Unfortunately, surrounded by all this serenity, when she lets loose she sounds loud, very loud. I feel guilty for the monks in their meditations. Her bath is the kitchen sink and her playpen, our bed.
We have no toys, but I doubt Kathryn n
otices. She is happy playing with her own box of goodies – a thermos lid, two limes, a bunch of keys, an empty toilet roll and a small tin of lip salve. They keep her entertained for hours.
The three of us spend most of the day on the bed, Mal and I working on our laptops, while Kathryn rolls the limes around in the thermos lid. We meet up with the rest of the household for meals.
Some of the monks who live here work each day typing precious Buddhist texts into computers to eventually be published on CD-ROMs.
When China invaded Tibet and destroyed monasteries many precious Buddhist texts were lost forever. Rinpoche, along with other lamas, is committed to preserving the ancient Buddhist texts that did make it out of Tibet, as well as translating them for westerners. Tucked away in this quiet little corner, adrift from most mod cons, it is not uncommon to see monks in their robes, walking around with a laptop under their arm.
Christmas Day passes like any other day. Being surrounded by Buddhist Tibetans who are surrounded by Hindu Indians, we are a long way from Christian celebrations in the larger cities. The view of snow-capped mountains from our window is, however, just like a Christmas card.
Many of the monks in Rinpoche’s household are Bhutanese, and the food, prepared by a monk and the resident Indian cook, is reminiscent of Karma Yangki’s home.

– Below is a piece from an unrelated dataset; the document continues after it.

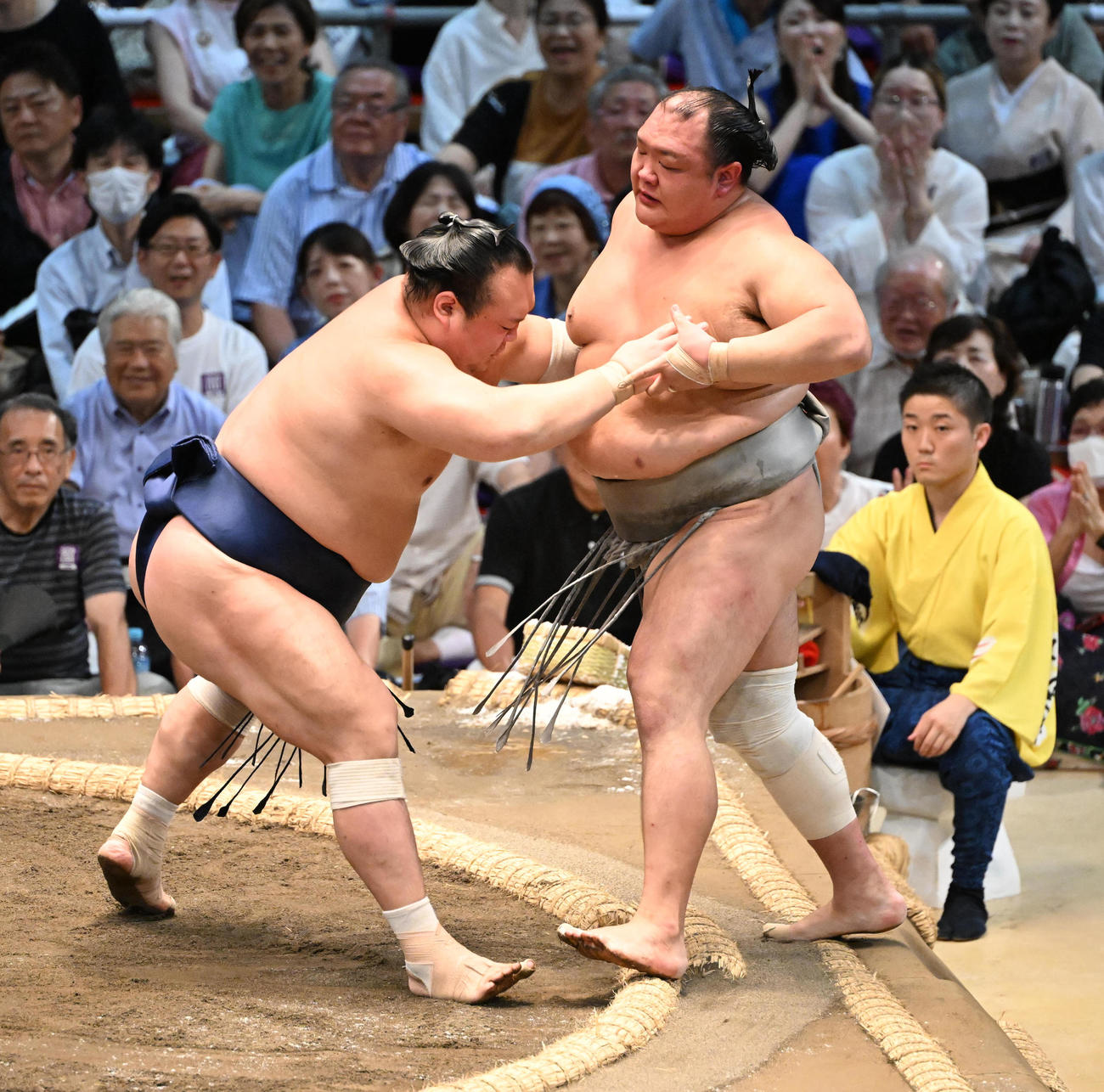 16日、北勝富士（右）を寄り切りで破る宝富士（撮影・和賀正仁）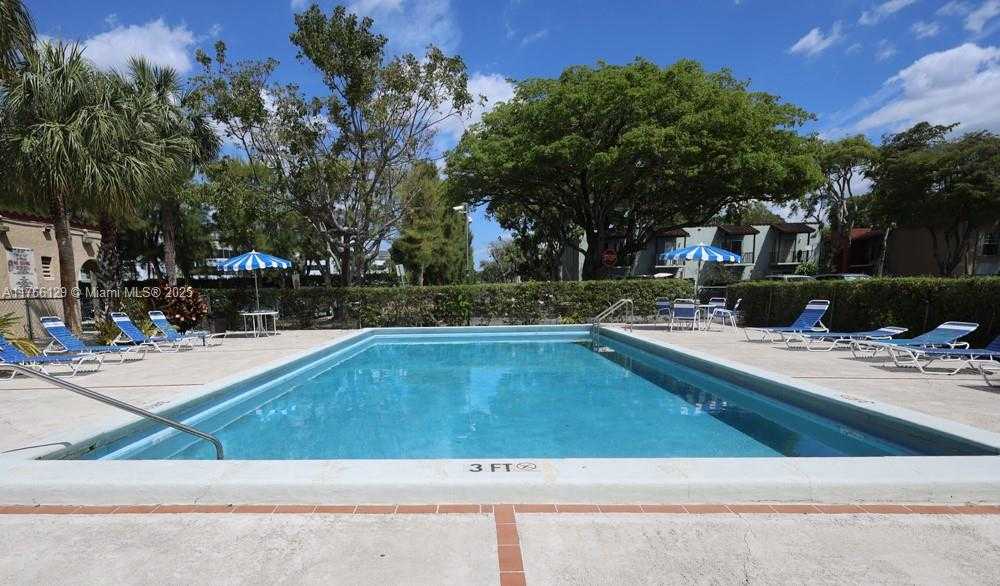 Small Image of 10772 NORTH KENDALL DR #G5, Miami Number 34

Lots of chilli, cheese, meat and vegetables. It is always fresh, tasty and plentiful.
On Christmas Day, by chance, the monk, Ridzin Dorji, produces one of his most brilliant culinary feats – a burnt chilli sauce. He serves it with boiled meat but says it goes just as well with pasta. As with Karma Yangki, he doesn’t know quantities, cooking with instinct and lots of tasting along the way.
Khyentse chilli sauce
Brown large red chillies in a saucepan over a flame till almost,
but not quite, burnt.
Mix in a small saucepan with tomatoes, cheese, salt, onion,
coriander and milk powder.
Sensational!
After ten days Mal has talked at length with the Tibetan overseer and given plans for the next stage of building to Ugyen Thrinley. It’s time to go home. Mal’s due to meet the film editors, I’ve got to meet book editors, and Kathryn – well she’s about due for some warm weather. We land in Sydney just as the 9 pm fireworks explode over the harbour heralding the end of 2002.
15
Back for More Yak
AUGUST 2003
Mal’s movie has undergone eight months of intensive postproduction in Sydney, my book is at the typesetters, and Kathryn has blossomed into a walking, talking toddler.
It has been an exhausting period, with both of us working from home under pressure to meet our respective deadlines, while juggling Kathryn between us. Our lounge room, which doubles as Mal’s production office, has been dominated by his huge desk overflowing with papers, and the telephone has been ringing day and night with calls from America, London and Bhutan. Because of the time difference with the other countries, Mal’s day would end at around two or three in the morning, a few hours before Kathryn and I would wake. For months we lived our life in shifts and I dearly missed the relaxed pace of the house in Taba.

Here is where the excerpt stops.